Kings of War (Adelaide Festival) ★★★★★

by
ABR Arts 13 March 2018

In a Festival glutted with plays about war and the violence wrought by powerful men, Dutch theatre company Toneelgroep’s Kings of War stands tall. A four-and-a-half-hour conflation of Shakespeare’s Henry V, Henry VI, and Richard III, it is directed by Ivo van Hove whose monumental Roman Tragedies – which conceived Shakespeare’s Roman history plays as an immersive treatise on contemporary power politics – was seen in Adelaide in 2014 in a production that has, rightly, acquired almost legendary status.

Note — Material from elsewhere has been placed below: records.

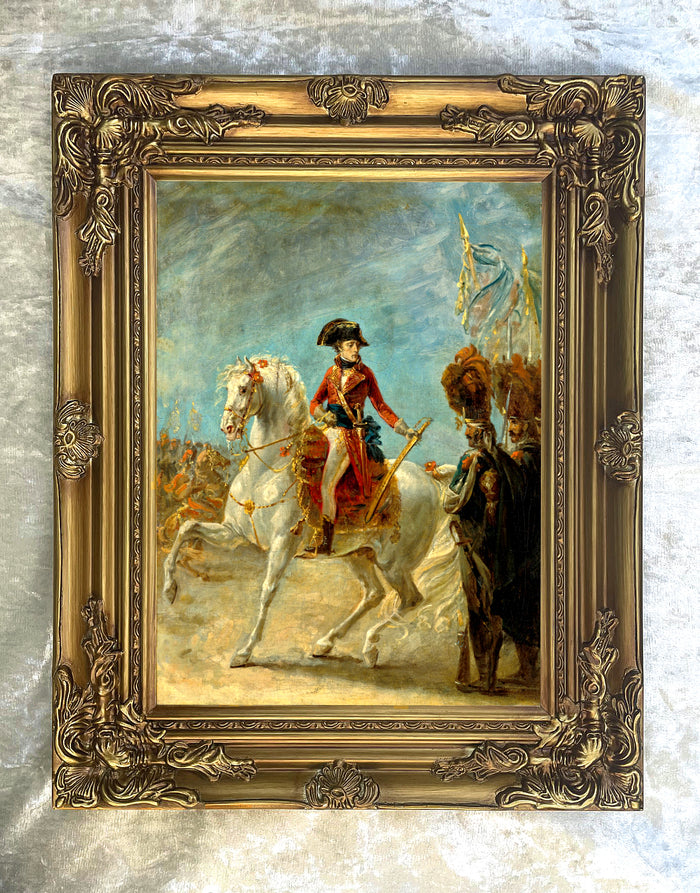 Napoleon on Marengo - Superb Full length Portrait Oleograph on Canvas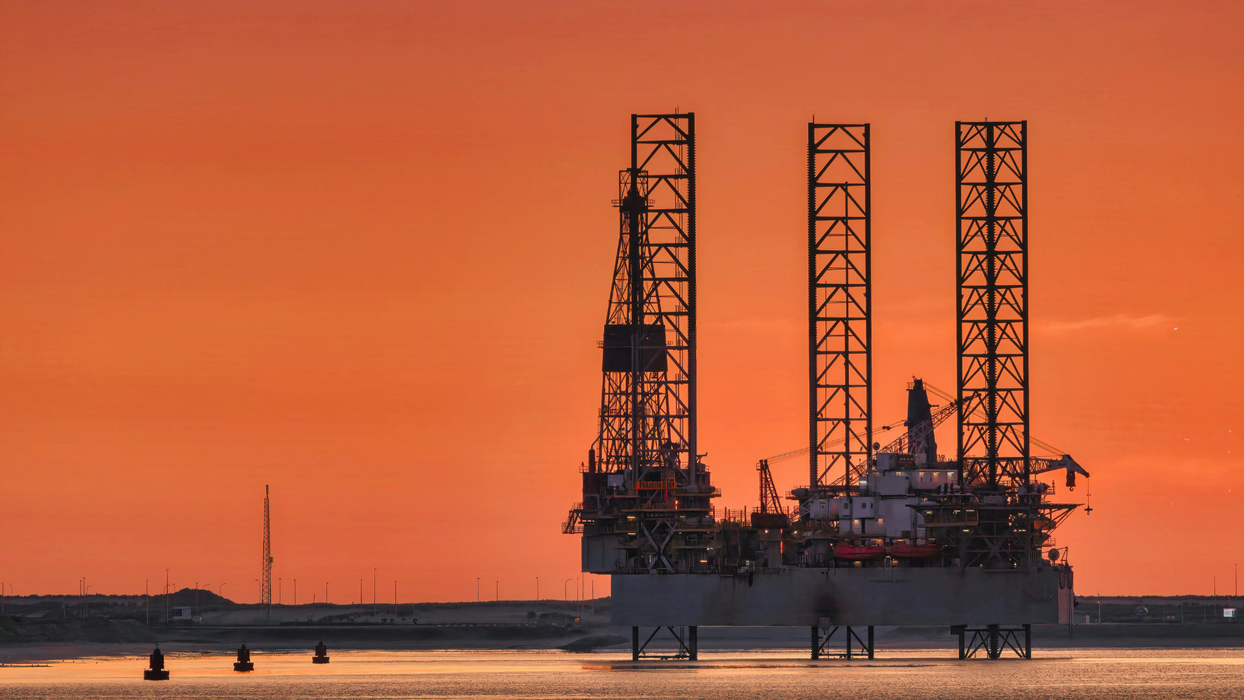 oil and gas sunset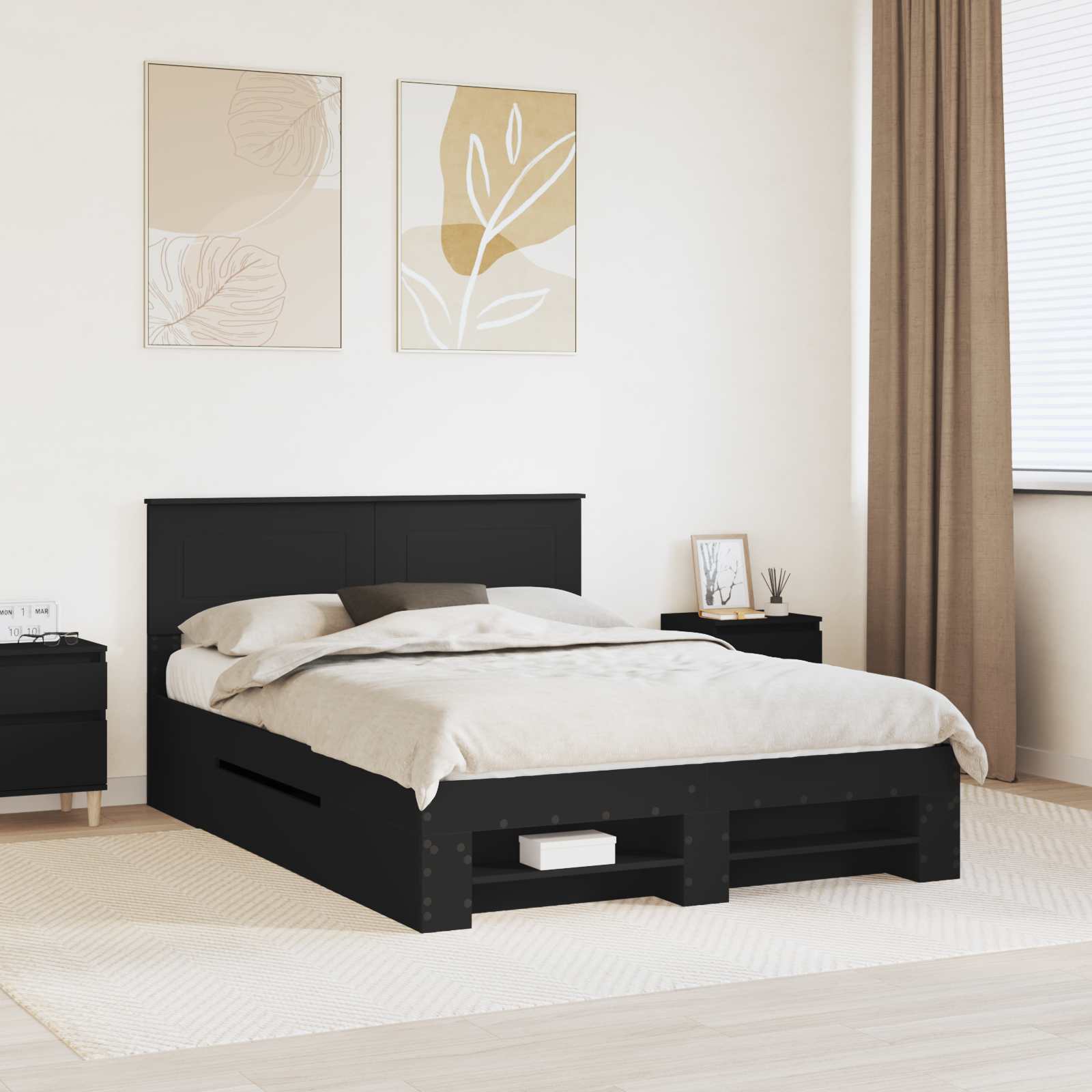 Sängram med huvudgavel Svart 150 x 200 cm Konstruerat trä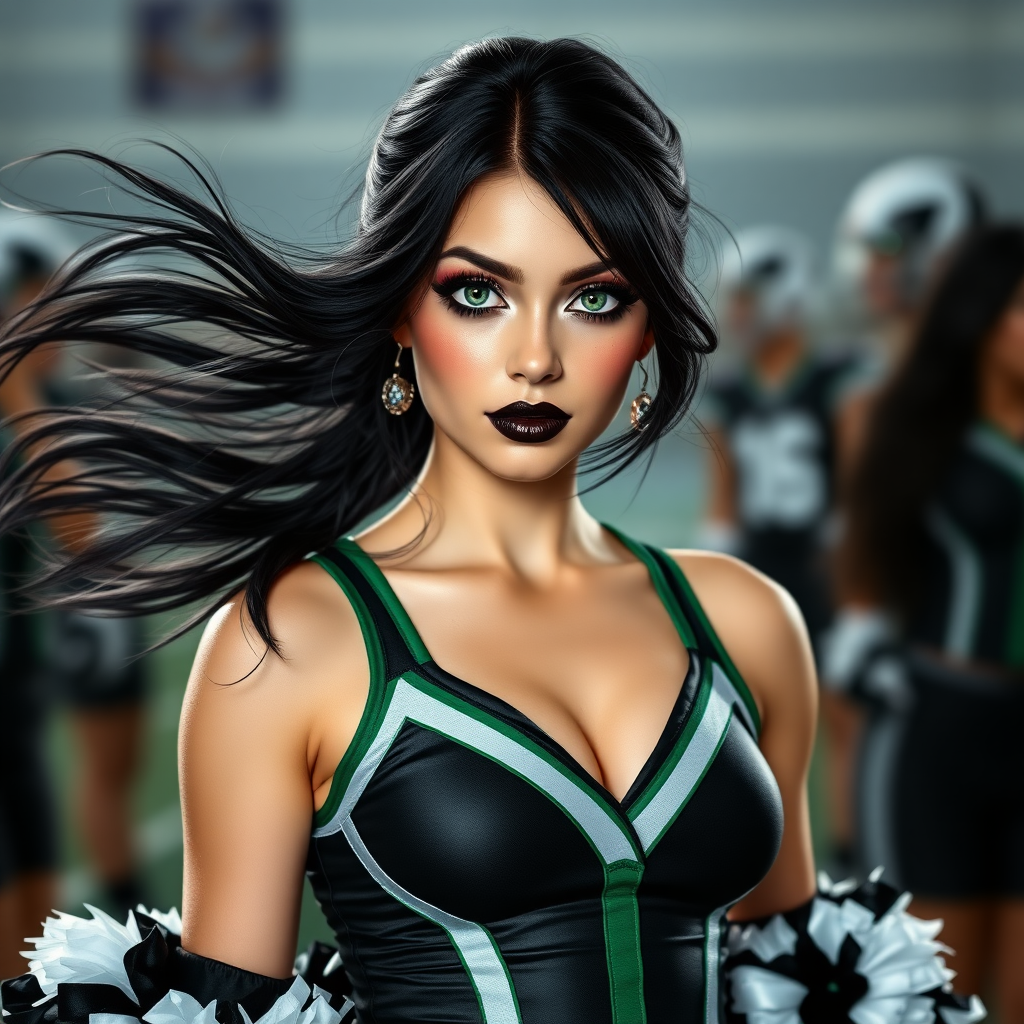 Juliet Starling is a short athletic goth and cheerleader of Santa Romero High. She has a very confident and seductive expression while posing for her team. Her black hair flows in the midwinter wind. Her green eyes shine like emeralds. Her black lips are alluring. Sweat drops are running down her pale skin.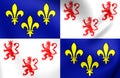 Flag of Picardy Region, France.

Kings of War wears the same spots. Returning audiences will recognise Bart Van den Eynde and Peter Van Kraaijs’s lightly modernised text (Dutch with English surtitles), van Hove’s filmic sense of space, and his liberal use of live sound and supersized video, much of it captured by a roving cameraman. While both works are epic in scale and concerned with the machinations of leadership and power, Kings of War feels leaner, its sweep more contained, running almost two hours shorter and lacking some of the Sturm und Drang of its predecessor. The women’s roles are more attenuated here: good parts, like the fierce, intelligent Margaret of Anjou – superbly played by Janni Goslinga – feel less significant than they do in Shakespeare’s plays, and there is none of the Roman Tragedies’ enlivening gender-swapping, which saw, for example, a female Cassius in Julius Caesar.